We have already seen in Chapter 14 of Luke’s Gospel that the leaders of Israel were cold hearted enough to refuse the healing of a sick man just because it was the Sabbath. The context of that event was a meal and the man was planted there to entrap Jesus. Our Lord rejected the Pharisees’ malevolence and he healed the man anyway. Then he told those gathered around the table two parables that focused on humility. Then one of the Pharisees blurted out:

“Blessed is he who shall eat bread in the Kingdom of God!”

Jesus responded to that statement with the parable of the Great Supper in which all the poor, the lame, the wretched and the outcasts took the seats of honor at the Messianic banquet while the leaders of Israel were excluded. After delivering that parable Jesus left the home of the Pharisee and we are told that large crowds of people, including the poor, the outcast, the miserable began to follow him. “If you follow me,” he said, “you have to give up everything that matters to you in life. You will pay a great price to follow me. Come to me and I will not cast you out. But count the cost.”

“Whosoever of you does not renounce all that he has cannot be my disciple.”

And the fact of the matter is that the more you have the harder it is to renounce it. The Rich Young Ruler walked away from Jesus because he had riches. But when you have lost everything, you have nothing to lose; when you have nothing you are nothing and you are completely humiliated. And if you are in a state of complete humiliation you will be spitefully and cruelly mistreated. Receiving such sinners and eating with them was proof enough that Jesus had no sympathy for the Pharisees.

“And the Pharisees and scribes murmured, saying, ‘This man receiveth sinners, and eateth with them.’”

Jesus responded with what must be some of his best-known teachings concerning the matter of the character of God. He presents three famous parables: First the Parable of the Lost Sheep, then the Parable of the Lost Coin, and, lastly, the Parable of the Prodigal Son. We will have a look at each of these parables, albeit the Prodigal Son is several weeks off.

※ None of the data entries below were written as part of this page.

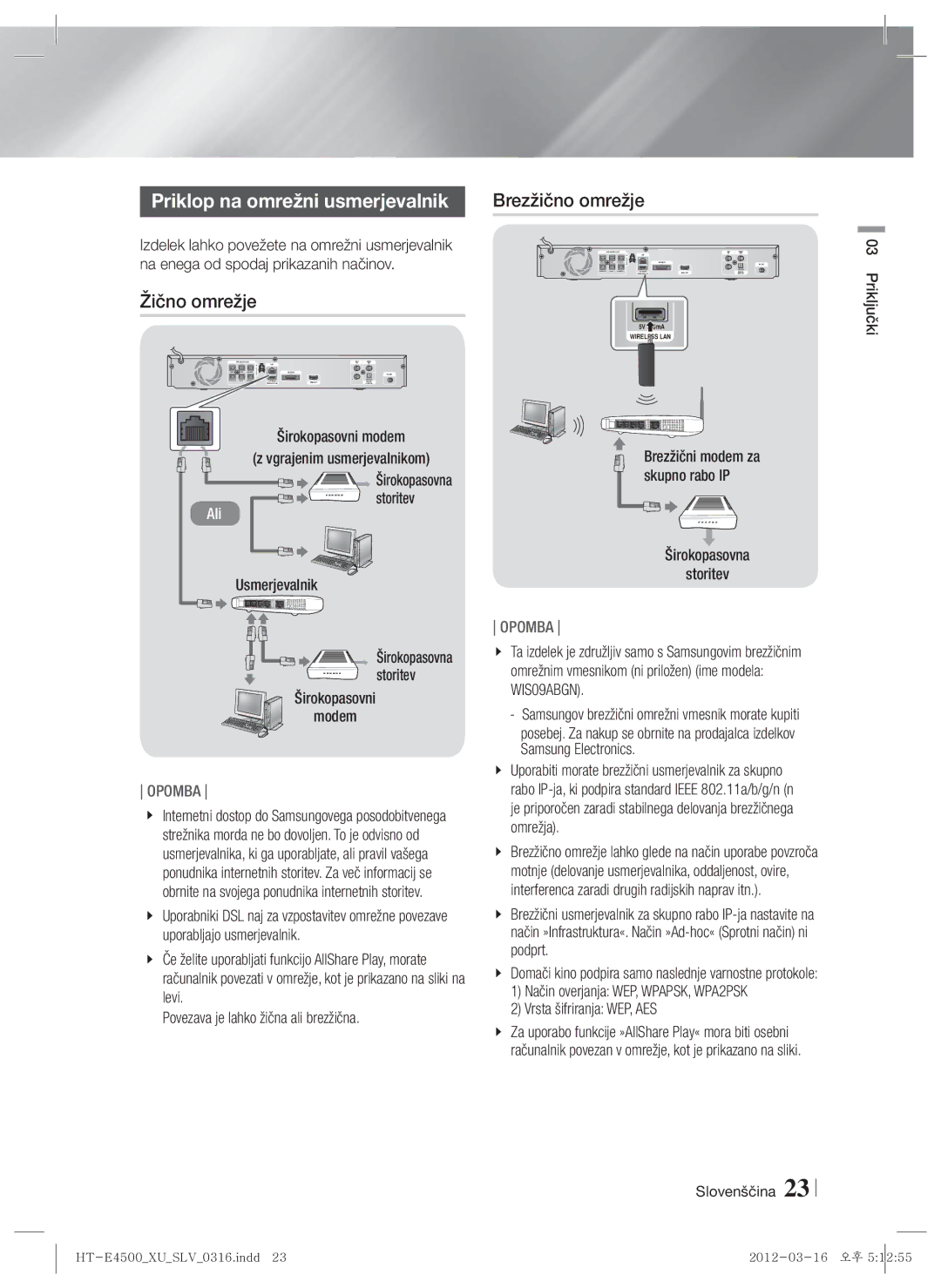 Samsung HT-E4550/EN, HT-E4500/EN manual Žično omrežje, Usmerjevalnik, Širokopasovni Modem, Širokopasovna Storitev 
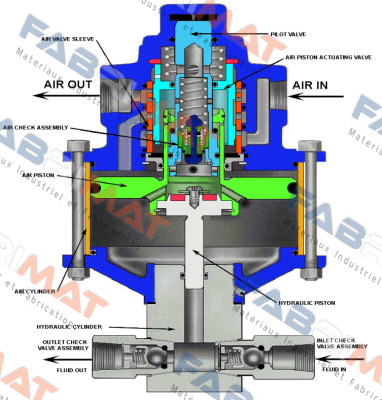 SC Hydraulic-10-500 2BA price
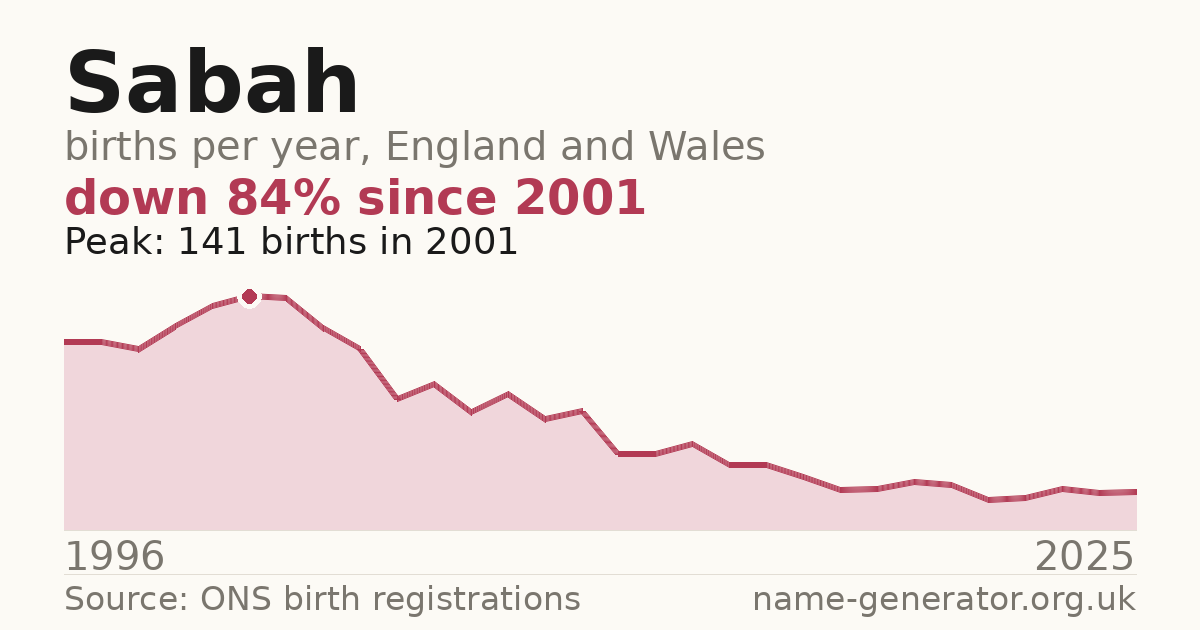 Chart: babies named Sabah per year in England and Wales, 1996 to 2025, peaking at about 141 in 2001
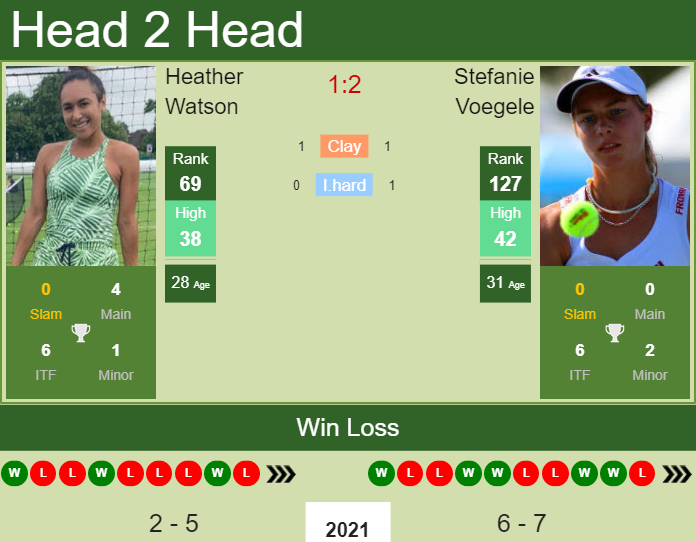 Prediction And Head To Head Heather Watson Vs. Stefanie Voegele Aa7xhxnvjy Prediction and head to head Heather Watson vs. Stefanie Voegele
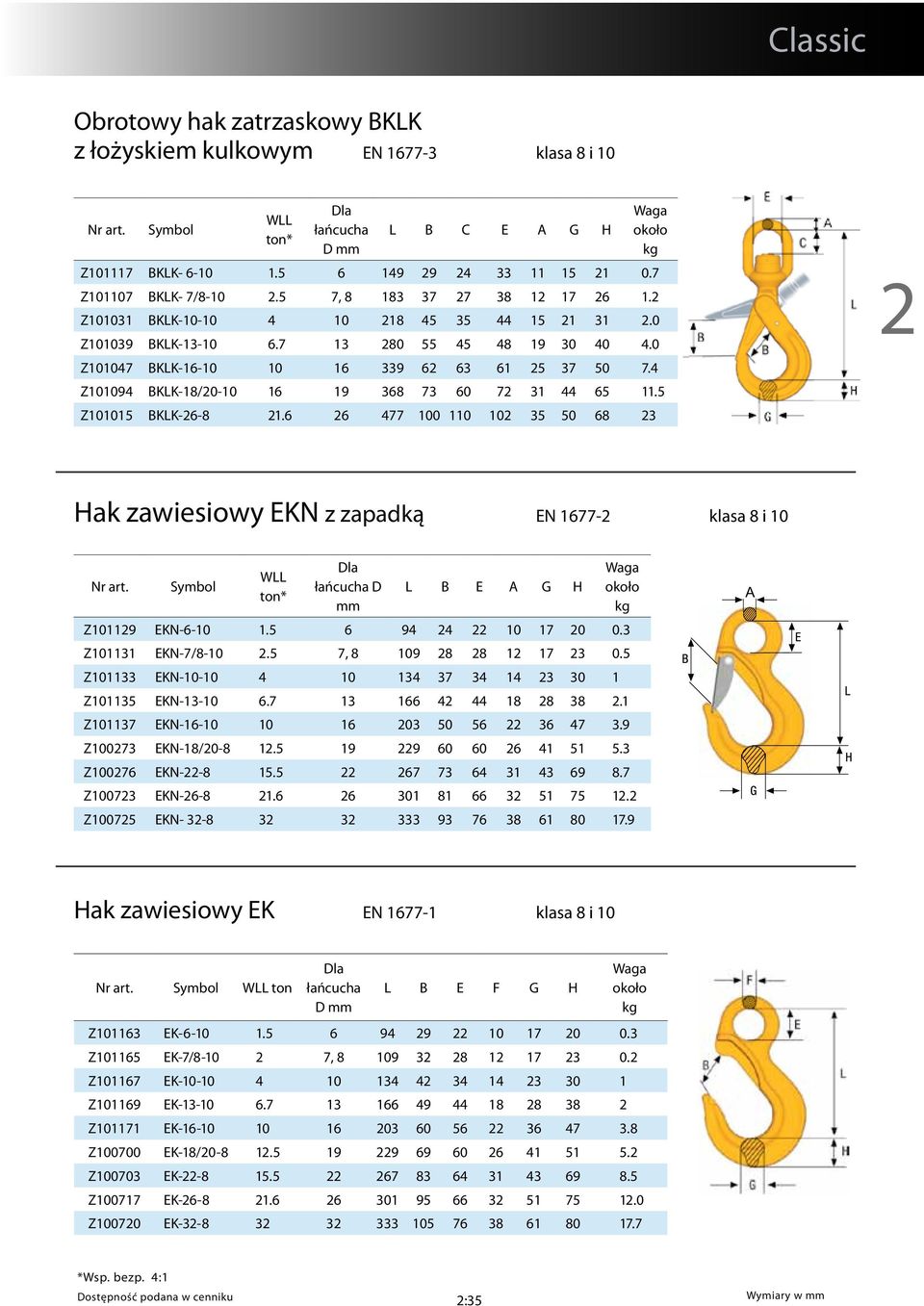 5 Z101015 BKLK-6-8 1.6 6 477 100 110 10 35 50 68 3 Hak zawiesiowy EKN z zapadką EN 1677- klasa 8 i 10 D mm L B E A G H Z10119 EKN-6-10 1.5 6 94 4 10 17 0 0.3 Z101131 EKN-7/8-10.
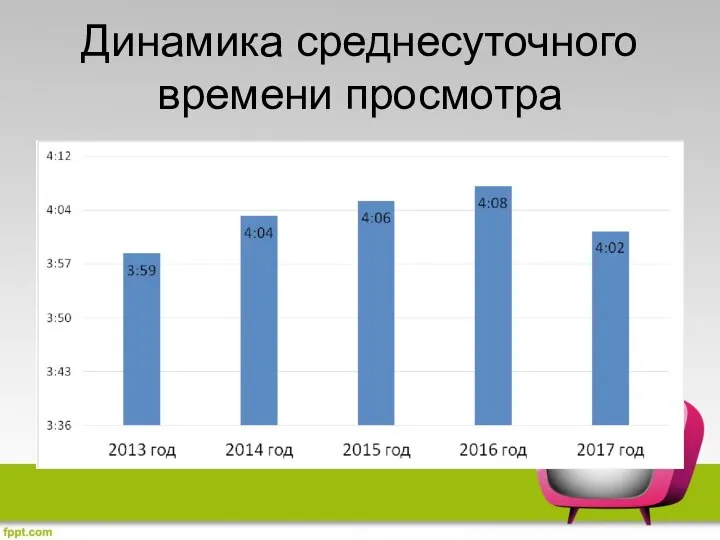 Динамика среднесуточного времени просмотра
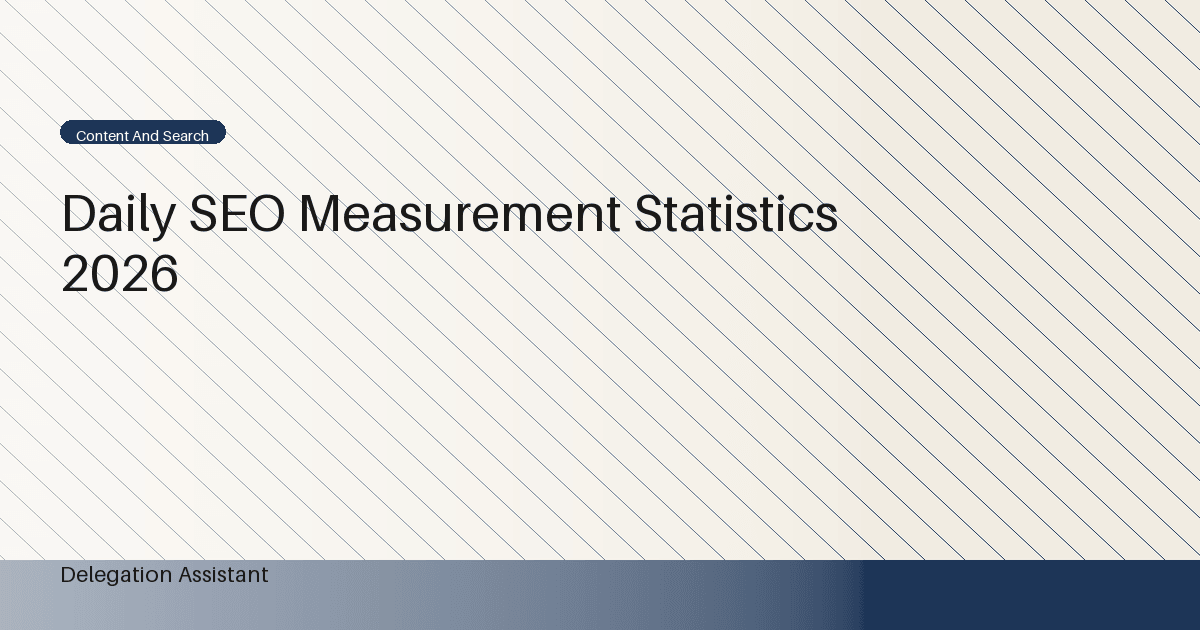 Deterministic editorial research dashboard illustrating daily SEO measurement statistics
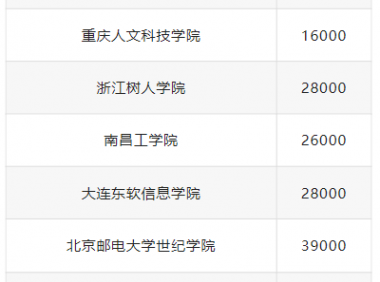 物联网工程专业520分左右大学名单及录取分数线，2024年高考必读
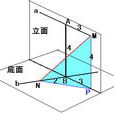 三角形向量及面積分配定理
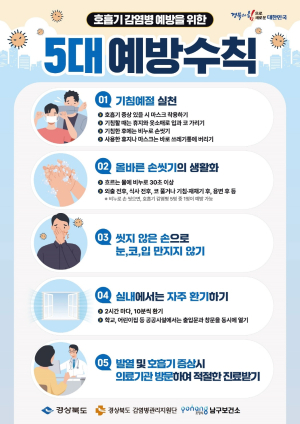 포항시, 아시아 코로나 증가세…해외 여행시 조심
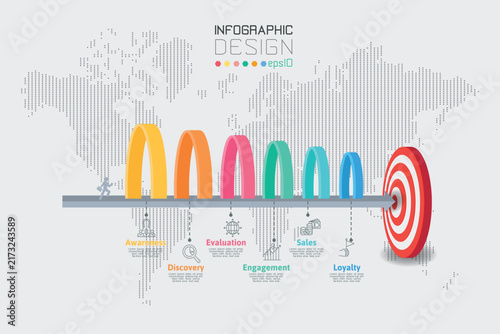 7 Cylinder Bar Chart to Target Business Infographic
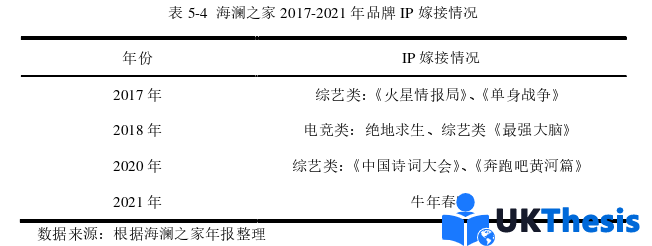 財務管理論文參考 財務管理論文參考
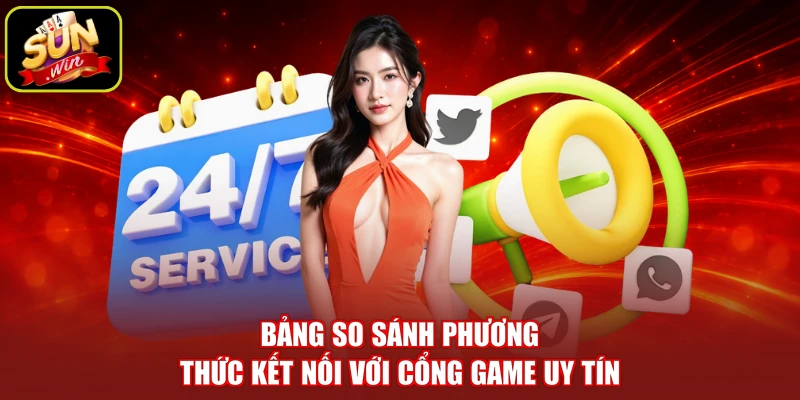 Bảng so sánh phương thức kết nối với cổng game uy tín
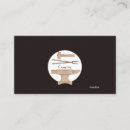 Recherche de forgerons cartes visite Professionnel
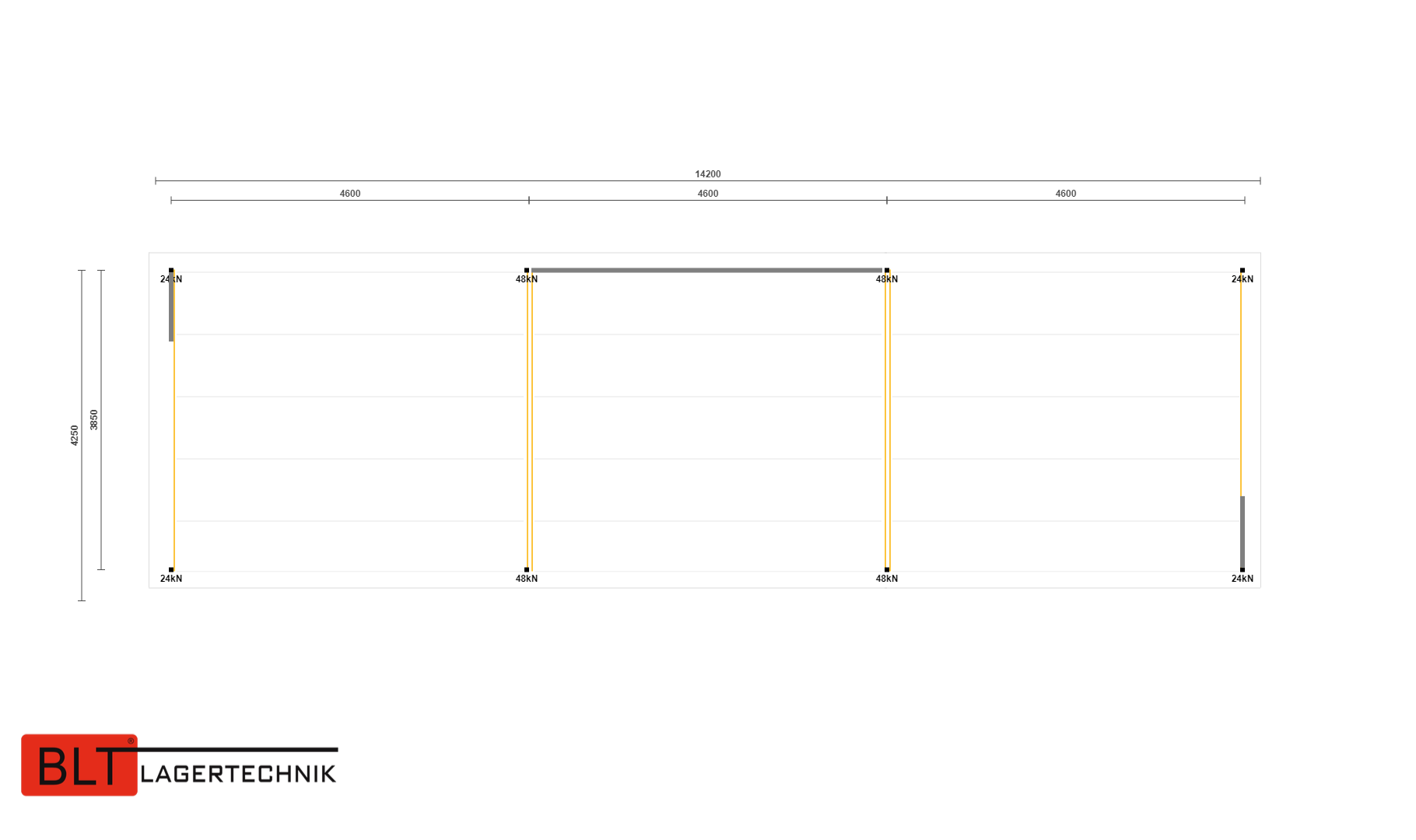 60,40 m² Lagerbühne, Oberkante 300 cm, 500 kg/m², sofort ab Lager, befahrbar mit Hubwagen, Systembühne, Stahlbühne, Lagerebene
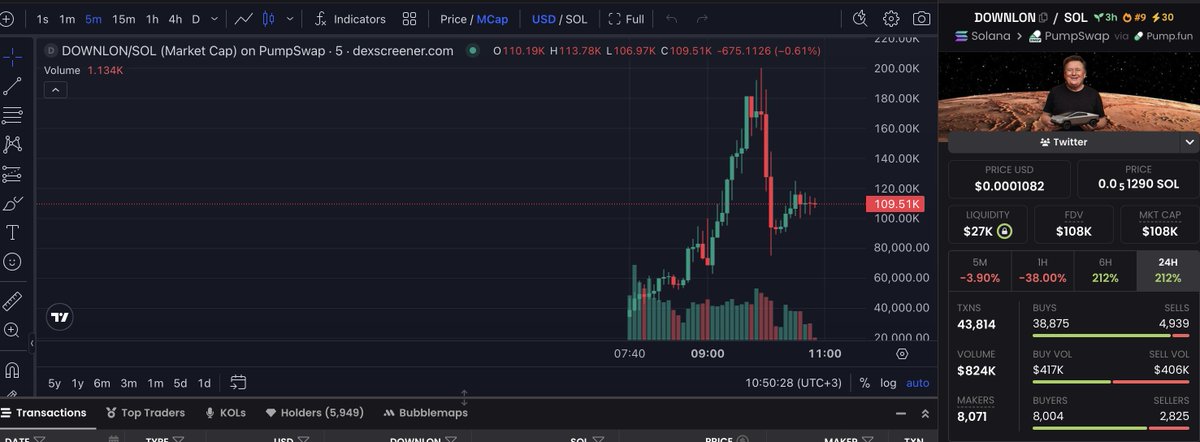 WorkWork tweet media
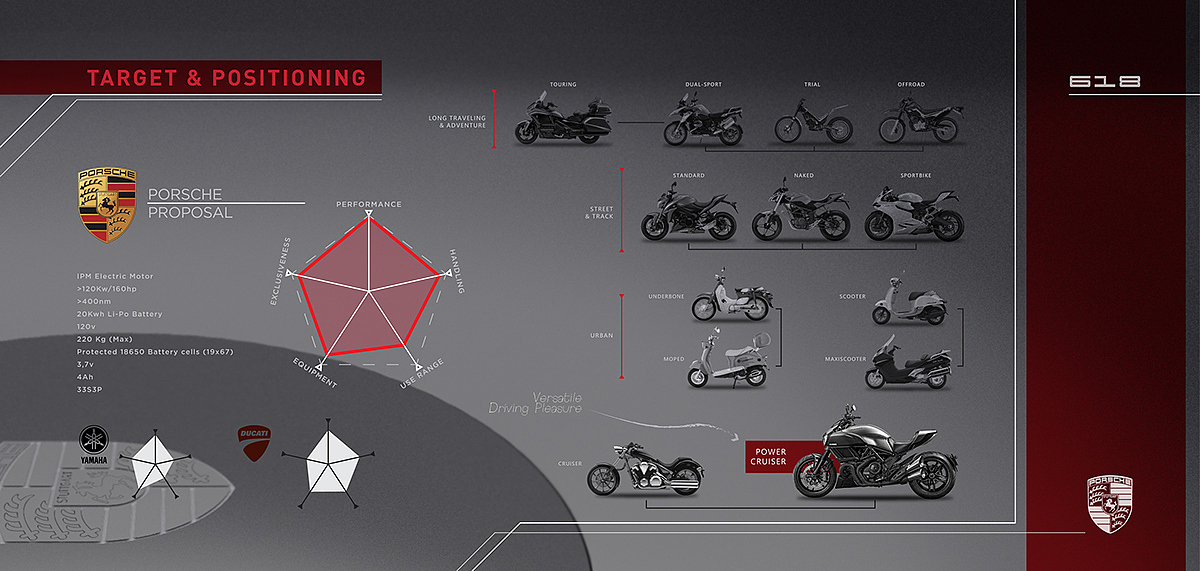 intelligence，Porsche，science and technology，industrial design，Cool，Motorcycle design，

For now let’s look at the two from the Gospel today. First he speaks to the Pharisees a parable about a man who discovered that out of his fold of a hundred sheep one has gone missing. The man takes action that Jesus described as perfectly natural and expected: he left the “ninety and nine” to search for the one lost sheep and he refused to return till he had found it. After recovering the lost sheep he returned home and called all his friends together for a celebration. His action seems a bit over the top, out of proportion, to the object of his celebration. What, after all, is one sheep out of a hundred? But that is Jesus’ point, isn’t it? The celebration and joy were all about one single creature. He then followed that parable up with another one about a woman who had lost one piece of silver out of ten. She lit a candle presumable to see better, she swept her house, and diligently searched from top to bottom until she found the one lost piece. And when she found it, she too called all her friends and neighbors over to celebrate. In each case, Jesus says, that there is greater joy in heaven over one sinner that repents. Jesus’ love and care for his Church extends to each member of his Church. Chapter 15 is brought to a memorable conclusion with the presentation of the Parable of the Prodigal:

“There was a man who had two sons…”

All these parables are meant to explain why Jesus welcomed sinners into his life. Why did Jesus associate with them? Why did he hang out with the most despised people in Israel, those who were well known to not to be living according to the Law, those who were beyond doubt not good Jews? These parables explain his behavior – which was a constant irritation to the Jewish leadership. But even though Jesus loved the people and welcomed them, he did not share in the activity of the sinners that he befriended. He told them to repent and he encouraged them to trust in God.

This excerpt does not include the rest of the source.